So you’ve made the decision that you want to start flying. Firstly, AWESOME! It’ll be an achievement that will be well worth the effort.
Now it’s time to choose a flight school but where do you start? That was my exact question when I was first starting out so I’ve compiled this blog entry in hopes to help some of you ease the process.
Why do you want to fly?
Are you wanting to become a commercial airline pilot, bush pilot, work for the government, or have you just watched Top Gun a little too many times. Whatever the reason the first step is to figure out what your ultimate goals are with flying. Then you can outline your expectations and start charting out timelines for yourself. Be realistic with your timeline, taking into consideration your budget and what time will allow. This will prove useful because seeing it all written is different to imagining it in your head.
Part 61 and Part 141
New students always want to know, “What’s the difference?” Trust me I also struggled with this question. Firstly, looking at the word ‘part’, it refers to the part in the Federal Aviation Regulations that outlines the requirements for pilots, flights schools, etc.

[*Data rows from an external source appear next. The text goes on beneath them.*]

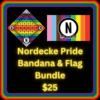 Nordecke Pride Merchandise
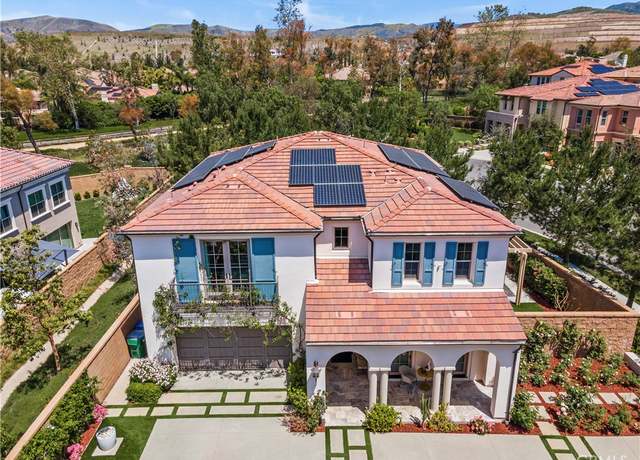 Property at 105 Cutlass, Irvine, CA 92620, 5 beds, 5.5 baths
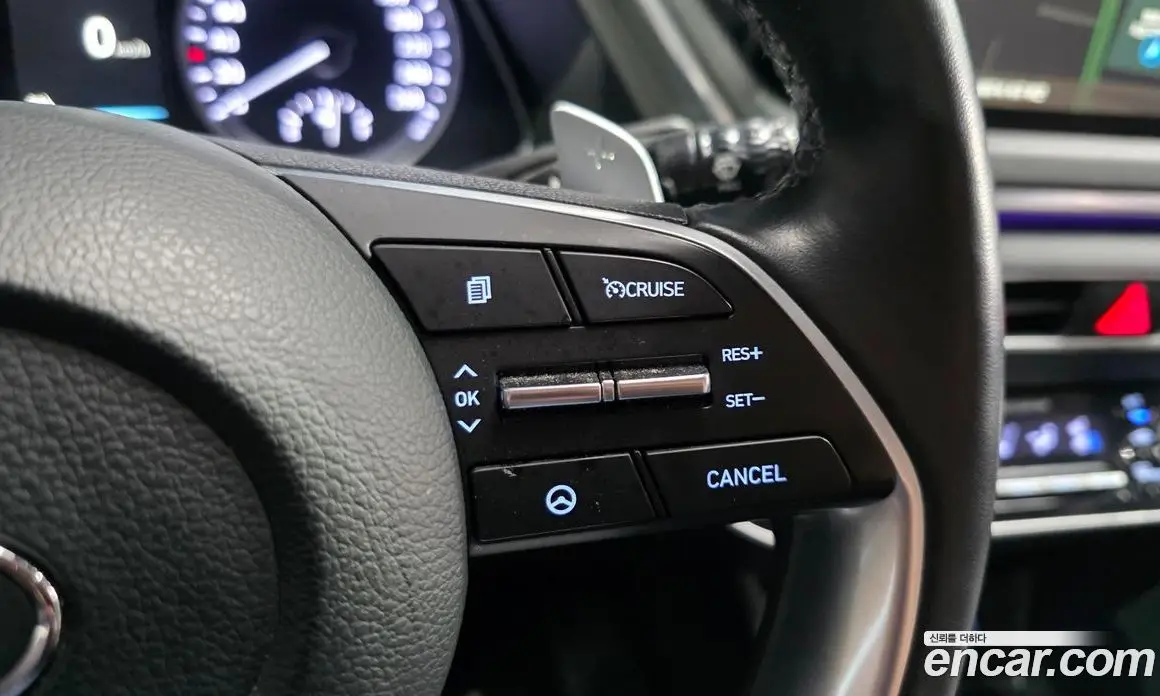 Hyundai Sonata 2021 2.0 автомат (гидро), фото 20 Hyundai Sonata 2021 2.0 автомат (гидро), фото 20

Part 61, although follows FAA practical test standards, is less strict and allows a flight instructor to be more flexible with their training. Part 141 is more regimented and the flight school must have FAA approval for their curriculum, syllabus, and lesson plans. These plans are constantly reviewed giving continuity to your learning.
An easier way to help make the decision refers back to the previous paragraph. What are you wanting to do when you become a pilot? If you’re thinking of going to aeronautical college they require a Part 141 curriculum. In addition, if you’re career driven then a scheduled training environment will be more beneficial. Not to mention that you can decide to take your practical test with fewer hours. For example, a private pilot license requires 40 hours of training for Part 61 but only 35 hours for a Part 141.
Do your research.
- Research flight schools in your area. I would first start online to get a feel for each company’s values, characteristics, and success rates.

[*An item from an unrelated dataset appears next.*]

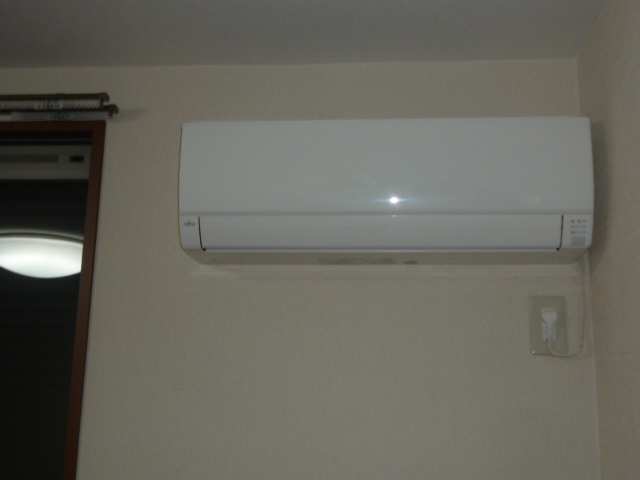エアコン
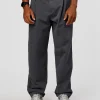 All Day ZeroCrease™ Wide Leg Pant - Dark Storm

- Once you’ve narrowed down your list talk to flight instructors at the schools, talk to their students, ask about teaching styles. Ask to look at their contracts so that you can know all the rules and not be surprised.
- Walk the airport. What is their aircraft availability? How many instructors do they have employed at the current time? Is there a high turnover rate? There is nothing worse then bouncing from teacher to teacher. It’ll hurt your budget and cause frustration. How is the location of the airport? Meet the maintenance crew, you are putting your life in their expertise.
- Ask the flight instructors what their goals are? You’ll find that some are only there to rack up hours to proceed with their next career move. This doesn’t mean they’re a bad teacher but you need to ensure that they’ll be putting in the effort as much as you.
- What resources do they have available? Any simulators on premises, ground school, partnerships with colleges or flying clubs?
- Take a test flight. They’re usually under $100 and if you let the instructor know what your intentions are they will treat it like a lesson.
I know we all would rather be in the sky then in the classroom but ground school is very important. Personally, you have to think about how you learn and what style suits you best. If you need a structured environment then you may want to enrol in a nearby college. If you’re like me and your work schedule is pretty manic then you can definitely teach yourself. Taking this path means that you have to be disciplined but it does offer more flexibility. There are plenty of study aids that you can look at to help you through the topics. Take a look at Jeppesen, Gleim, and the Pilot Store they will both online and paper guides. You can even use online websites to advance and challenge your learning:
- Get better with radio calls with LiveATC.net (Love this!)
- Exams4Pilots let’s you take continuous practice tests
- Jason Schappert is a best selling aviation author. His website and YouTube account is really great for breaking down particular manoeuvres and news in the industry.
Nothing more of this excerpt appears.